■ Directions for this task
Write out exactly the lines below that run from the one containing "Nissan Juke 1.2" through the one containing "Teclado Inalámbrico Mini", both included, with no other lines.

■ Data to process
---
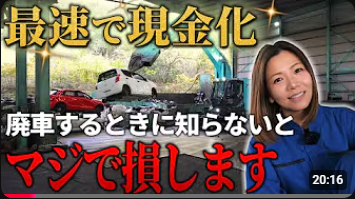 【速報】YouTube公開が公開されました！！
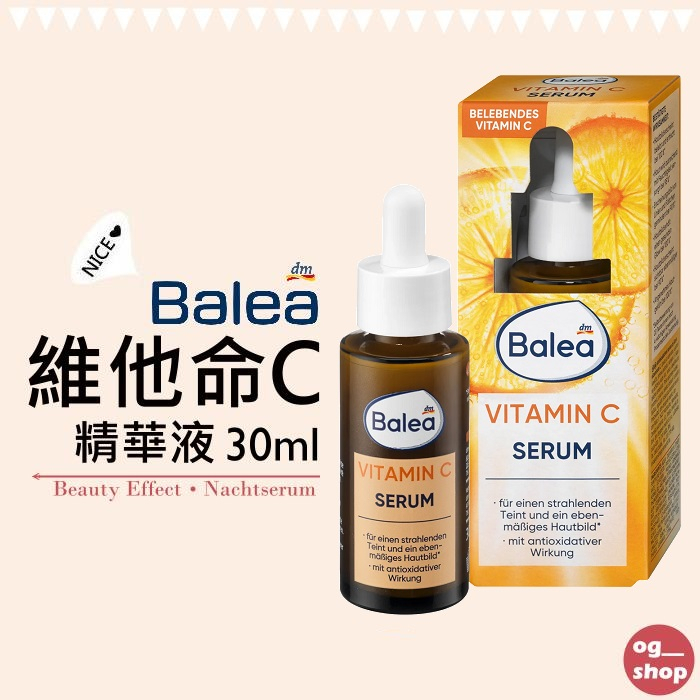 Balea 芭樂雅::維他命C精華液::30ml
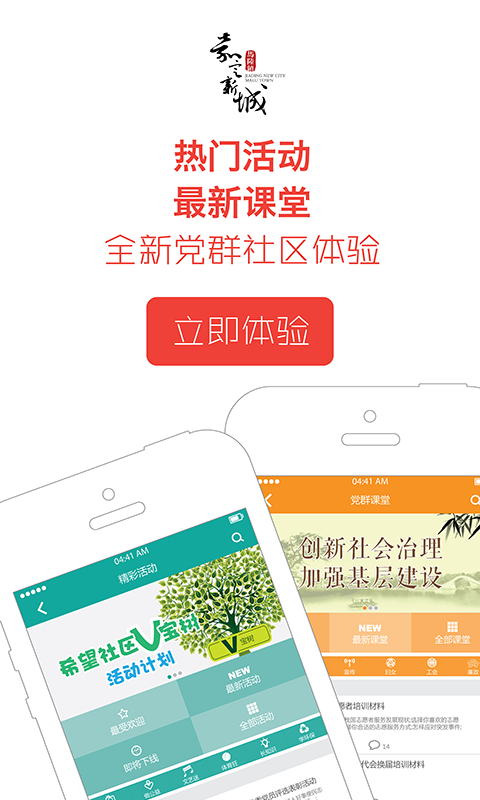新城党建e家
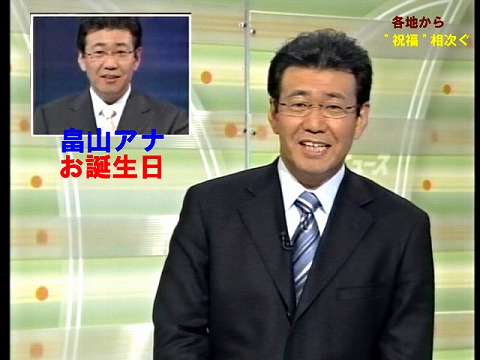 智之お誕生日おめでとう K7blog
---
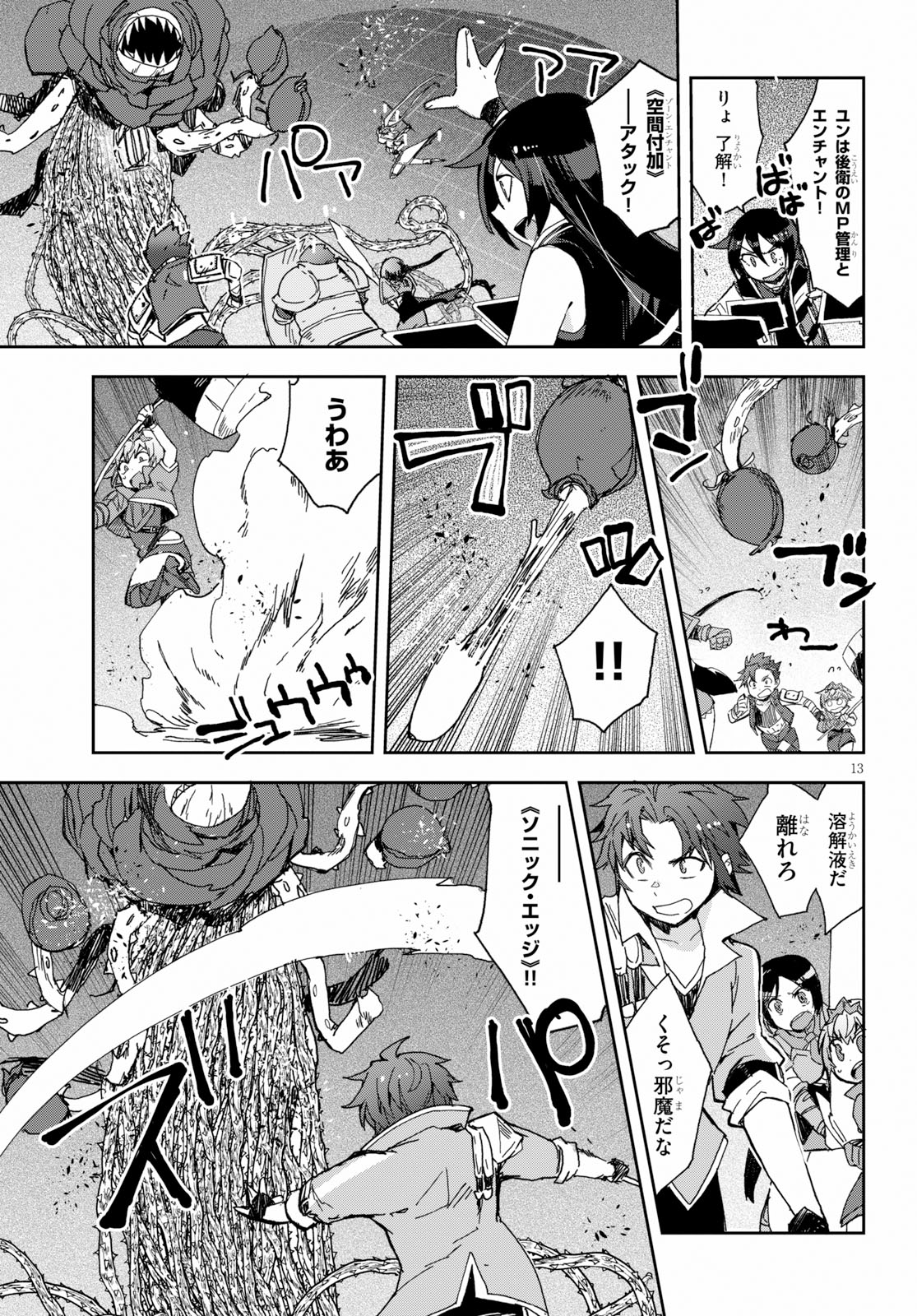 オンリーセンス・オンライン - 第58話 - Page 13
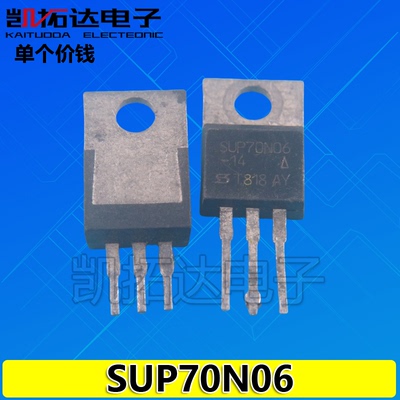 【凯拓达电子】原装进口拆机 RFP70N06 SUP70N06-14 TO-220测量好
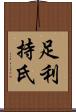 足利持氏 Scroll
---
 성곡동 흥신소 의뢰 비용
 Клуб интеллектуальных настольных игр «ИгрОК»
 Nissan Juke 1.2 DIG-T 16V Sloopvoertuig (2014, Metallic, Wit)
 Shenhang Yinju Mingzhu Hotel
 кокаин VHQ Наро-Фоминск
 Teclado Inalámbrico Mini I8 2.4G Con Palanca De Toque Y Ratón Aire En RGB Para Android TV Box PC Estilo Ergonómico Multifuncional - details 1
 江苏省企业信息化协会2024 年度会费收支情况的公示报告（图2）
---
■ Task output
 Nissan Juke 1.2 DIG-T 16V Sloopvoertuig (2014, Metallic, Wit)
 Shenhang Yinju Mingzhu Hotel
 кокаин VHQ Наро-Фоминск
 Teclado Inalámbrico Mini I8 2.4G Con Palanca De Toque Y Ratón Aire En RGB Para Android TV Box PC Estilo Ergonómico Multifuncional - details 1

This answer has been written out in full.